_Task_.
Write out the lines starting at the one that holds "Bague 62 BULGARI" and ending with the final line of the data, exactly and with no others.
** Data excerpts follows **
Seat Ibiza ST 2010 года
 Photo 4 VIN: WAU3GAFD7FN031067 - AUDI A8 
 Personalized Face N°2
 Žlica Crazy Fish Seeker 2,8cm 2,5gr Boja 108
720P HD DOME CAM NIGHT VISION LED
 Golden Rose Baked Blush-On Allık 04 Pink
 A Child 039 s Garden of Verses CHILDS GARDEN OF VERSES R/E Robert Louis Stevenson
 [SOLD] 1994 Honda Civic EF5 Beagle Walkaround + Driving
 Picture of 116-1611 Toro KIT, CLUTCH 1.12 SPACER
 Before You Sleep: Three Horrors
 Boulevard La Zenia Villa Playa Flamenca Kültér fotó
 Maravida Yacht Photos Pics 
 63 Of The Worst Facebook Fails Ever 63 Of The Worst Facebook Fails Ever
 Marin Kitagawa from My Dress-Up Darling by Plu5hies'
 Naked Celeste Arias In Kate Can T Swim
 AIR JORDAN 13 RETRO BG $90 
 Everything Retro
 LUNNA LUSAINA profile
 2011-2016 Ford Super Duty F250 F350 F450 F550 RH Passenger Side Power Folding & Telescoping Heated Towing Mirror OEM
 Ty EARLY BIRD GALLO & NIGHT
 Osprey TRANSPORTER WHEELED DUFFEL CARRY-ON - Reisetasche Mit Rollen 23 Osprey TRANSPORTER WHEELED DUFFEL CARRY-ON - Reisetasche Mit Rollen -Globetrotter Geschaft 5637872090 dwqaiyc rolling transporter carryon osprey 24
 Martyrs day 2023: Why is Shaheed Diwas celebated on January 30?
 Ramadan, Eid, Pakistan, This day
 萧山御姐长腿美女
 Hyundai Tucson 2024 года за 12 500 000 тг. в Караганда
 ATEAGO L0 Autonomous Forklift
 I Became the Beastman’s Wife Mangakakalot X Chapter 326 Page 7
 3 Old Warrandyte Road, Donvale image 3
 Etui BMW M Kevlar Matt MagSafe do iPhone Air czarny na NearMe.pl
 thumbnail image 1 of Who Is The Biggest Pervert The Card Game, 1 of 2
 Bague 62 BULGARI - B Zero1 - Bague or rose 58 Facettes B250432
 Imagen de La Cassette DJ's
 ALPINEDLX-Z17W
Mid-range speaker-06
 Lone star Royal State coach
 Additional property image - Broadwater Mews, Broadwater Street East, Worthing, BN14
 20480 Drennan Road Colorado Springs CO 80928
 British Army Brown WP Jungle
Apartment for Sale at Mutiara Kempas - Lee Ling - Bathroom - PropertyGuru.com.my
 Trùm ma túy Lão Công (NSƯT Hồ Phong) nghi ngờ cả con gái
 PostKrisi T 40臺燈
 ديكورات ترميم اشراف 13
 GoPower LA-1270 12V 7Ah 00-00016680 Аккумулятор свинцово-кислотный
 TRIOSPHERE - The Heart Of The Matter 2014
** End of Data excerpts **
_Task response_.
 Bague 62 BULGARI - B Zero1 - Bague or rose 58 Facettes B250432
 Imagen de La Cassette DJ's
 ALPINEDLX-Z17W
Mid-range speaker-06
 Lone star Royal State coach
 Additional property image - Broadwater Mews, Broadwater Street East, Worthing, BN14
 20480 Drennan Road Colorado Springs CO 80928
 British Army Brown WP Jungle
Apartment for Sale at Mutiara Kempas - Lee Ling - Bathroom - PropertyGuru.com.my
 Trùm ma túy Lão Công (NSƯT Hồ Phong) nghi ngờ cả con gái
 PostKrisi T 40臺燈
 ديكورات ترميم اشراف 13
 GoPower LA-1270 12V 7Ah 00-00016680 Аккумулятор свинцово-кислотный
 TRIOSPHERE - The Heart Of The Matter 2014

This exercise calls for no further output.